1925 | Science

Science

Nobel physicist Robert A. Millikan at the Pasadena Institute of Technology coins the term cosmic rays for radiation discovered more than a decade ago by Austrian-born physicist Victor Francis Hess, now 42, who found from repeated balloon ascents that radiation increased rapidly with altitude and suggested that they came from extraterrestrial sources. Now 57, Millikan confirms Hess's theory and uses it to help found a new branch of physics that will lead to advances in astrophysics, cosmology, and the discovery of fundamental particles (see Dirac, 1928; positron, 1932).

Vienna-born University of Hamburg physics lecturer Wolfgang Pauli, 25, porposes what will be called the "Pauli exclusion principle:" no two fermions may possess the same energy (i.e. occupy the same quantum state) in a given atom. Pauli crystallizes existing knowledge of atomic structure; his work will lead to a recognition of the two-valued variable needed to characterize the state of an electron.

German physicists Hans Geiger and Walter (Wilhelm Georg) Bothe, 34, at the University of Berlin devise a new method for detecting subatomic particles (see Geiger, 1908). Using Geiger counters to gather data on the Compton effect (the dependence of the increase in the wavelength of a beam of X-rays upon the angle through which the beam is scattered as a result of collision with electrons (see 1922; 1923), they measure the energies and directions of single photons and electrons emerging from individual collisions and establish the particle nature of electromagnetic radiation, refuting a statistical interpretation of the Compton effect (see Chadwick, 1932).
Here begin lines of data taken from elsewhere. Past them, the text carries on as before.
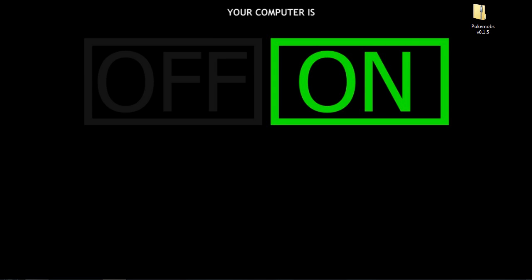What's up guys, Lukesina here. Today I'm going to show you how to install PokeMobs for any Minecraft version.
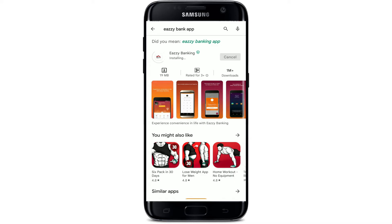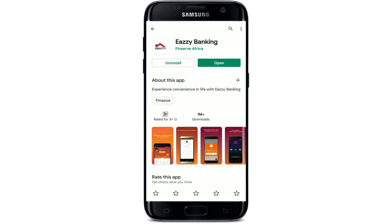Easy Banking application is a revolutionary platform for Equity Bank customers that helps you manage your money, track your financial goals, and communicate with more freedom, choice and control. Once the application is downloaded and ready for use, you should see an Open button popping up right next to the app.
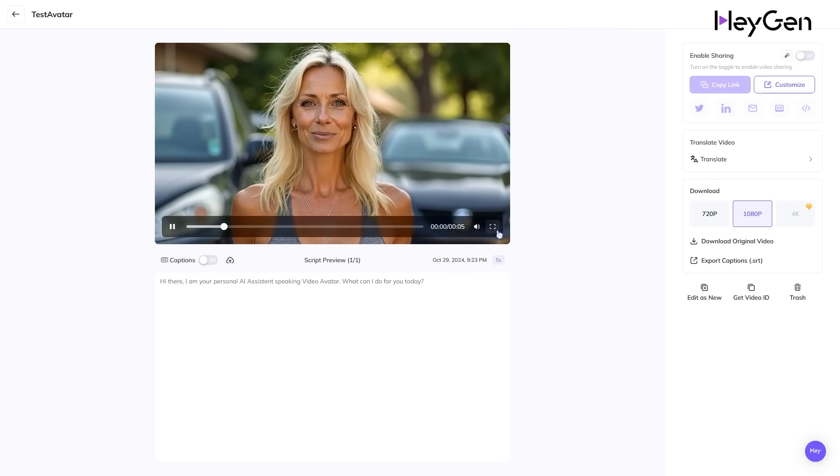Hi there. I am your personal AI assistant speaking video avatar. What can I do for you today?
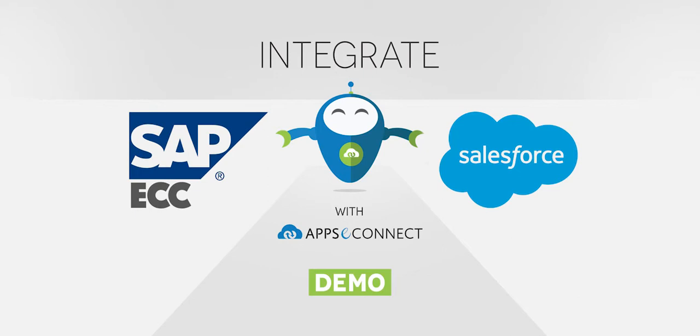Hello and welcome to the first walkthrough of this video series. In this video we will integrate in real time SAP ECC and Salesforce with the help of AppC Connect.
French naturalist Théodor André Monod, 23, crosses the Sahara on camelback and discovers Asselar Man—a human skeleton dating to neolithic times.

The National Research Endowment is established "to increase and strengthen American contribution to the mathematical, physical, and biological sciences." Secretary of Commerce Herbert C. Hoover is named chairman.

Physicist Oliver Heaviside dies at Torquay, Devon, February 3 at age 74; mathematician-logician Gottlob Frege at Bad Kleinen July 26 at age 76.